Por: Gustavo Páez Escobar

Jaime Castro era el alcalde de Bogotá en 1994. Durante buena parte de su gobierno tuvo baja imagen en las encuestas, la que en algún momento amenazó su gobernabilidad. La ciudadanía le reclamaba mayores resultados y protestaba por algunas fallas cruciales, como el abandono de las calles y la creciente ola de inseguridad. (Situación que poco se diferencia de la actual, donde las calles están convertidas en verdaderos cráteres y la violencia callejera mantiene intimidada a la gente). Aquel estado de inoperancia -como entonces se le calificó- llevó al M-19 a adelantar una campaña para pedir la revocatoria del mandato.

El silencio del Alcalde enardecía los ánimos y creaba mayor inconformidad y frustración ciudadanas. Se pensaba que esa actitud entrañaba un desaire para la opinión pública, cuando no una insalvable carencia de empuje gerencial. Lo que se ignoraba era la dedicación absoluta del funcionario, con jornadas de 14 y 16 horas diarias, a resolver los problemas estructurales de la capital, los que aparte de frenar el progreso anulaban los mejores empeños, como había sucedido en la administración de Caicedo Ferrer.

Jaime Castro prefirió sacrificar su prestigio y su tranquilidad a cambio de reorganizar los obsoletos mecanismos que no dejaban ejercer una administración en realidad eficiente. Pensaba más en el futuro de Bogotá que en su propio descrédito personal. Su propósito central era salvar a la ciudad del morbo de la politiquería incrustado en el Concejo, y además poner las bases para recuperar las finanzas y conseguir la necesaria estabilidad económica y gubernativa.

El reparto del poder entre la Alcaldía y el Concejo, facilitado desde vieja data por la degeneración de las costumbres y la falta de claridad de las normas, permitía un detestable contubernio entre ambos poderes y un nefasto foco de corrupción pública, circunstancia que esterilizaba los mejores propósitos y producía graves daños a la ciudad.

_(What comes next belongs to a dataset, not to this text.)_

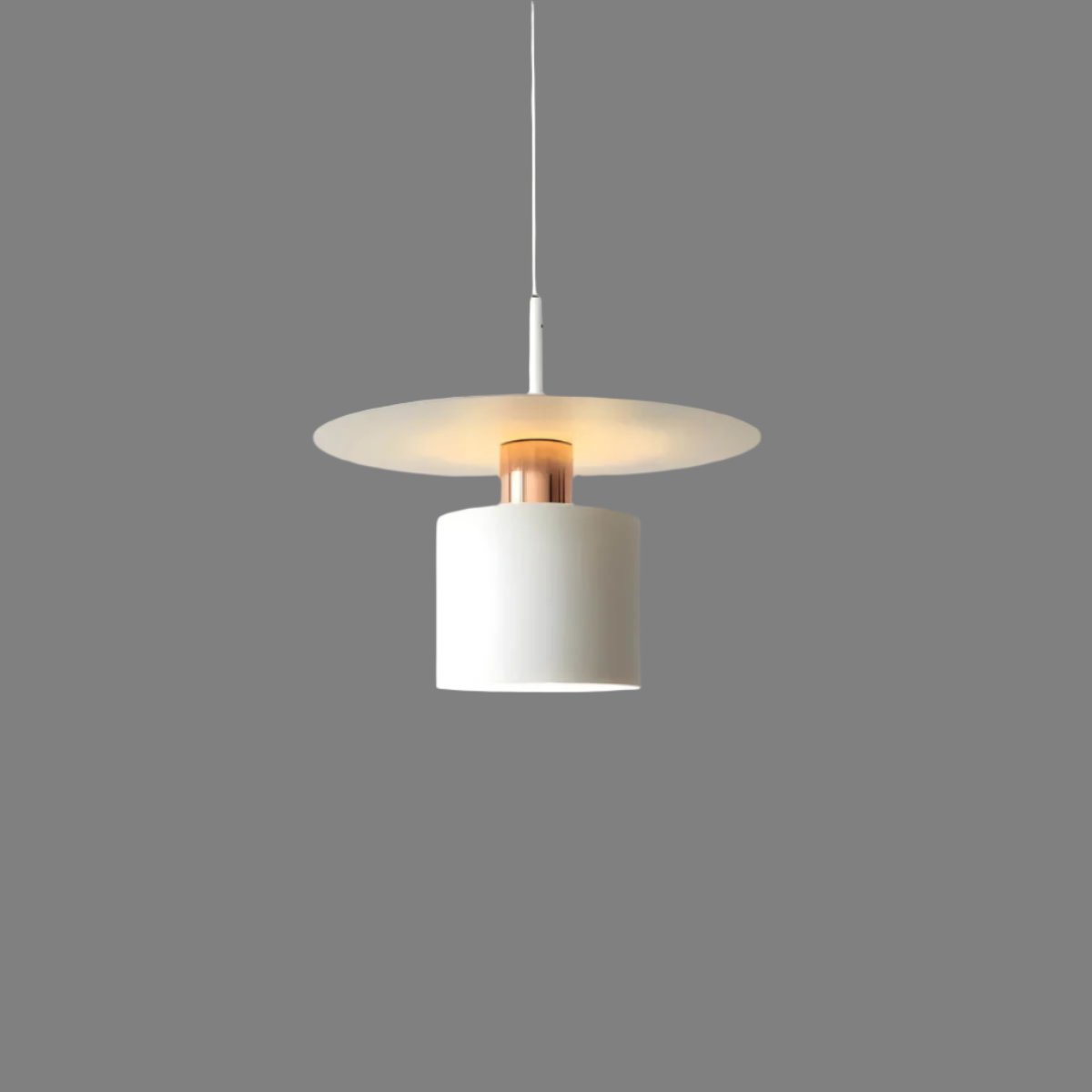 Harven - Lampe suspendue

El Alcalde no pasaba de ser un prisionero de los concejales, situación que había llevado a la cárcel a Caicedo Ferrer por traspasar algunos linderos viciados por los hábitos permisivos y lindantes con la ley penal. Los  ediles eran los dueños de la ciudad.

El mayor afán de Jaime Castro fue la rectificación política, fiscal y administrativa del Distrito. Objetivo que logró mediante el Estatuto Orgánico de Bogotá, que fijó pautas precisas para impulsar el desarrollo que ha tenido la urbe en los últimos años. Esa fue su obra capital. Gracias a ella se ha ejecutado un estilo nuevo de gobierno y se han podido adelantar obras fundamentales. Hoy se sabe a ciencia cierta, aunque son muchos los que lo ignoran, que sin la herramienta legal conquistada por el Estatuto, el atraso capitalino sería desastroso.

Un año intenso de estudio y trabajo le exigió al alcalde Castro la aprobación de dicha reforma, que adelantó en forma casi solitaria y con poco apoyo del Gobierno nacional, y además con el costo de su desprestigio. Logrado ese avance, se dedicó a hacer obras, y de esa manera recuperó la imagen perdida, en la última etapa de su gobierno. Y demostró que la reciedumbre moral vale más que caprichosas clasificaciones en las encuestas.

En reportaje que por aquellos días le concedió a Juan Mosca, recogido en el libro Tres años de soledad, recordaba el Alcalde, próximo ya a terminar su mandato, el pasaje de la Biblia donde uno es el que siembra y otro el que recoge. Es lo que se ha visto en los años posteriores a 1994. Con motivo de la nueva postulación de Jaime Castro para la actual contienda electoral, enfrentado a otras tendencias y a otros tiempos, no he resistido el deseo de repasar el inventario de sus realizaciones, esbozado en el reportaje de Juan Mosca, para sacar mis propios elementos de juicio frente al escrutinio que se avecina.

La decisión no es fácil cuando en el abanico de candidatos figuran personas y programas dignos de toda consideración. Lo que sí tengo claro es que la gestión de Jaime Castro puede considerarse como una de las más serias y positivas que haya tenido Bogotá. Destaco, tomado del reportaje de Juan Mosca, el dicho español que dice: “En política se deben tener paso lento, mirada larga, diente de lobo y cara de bobo”.

El Espectador, Bogotá, 28 de agosto de 2003.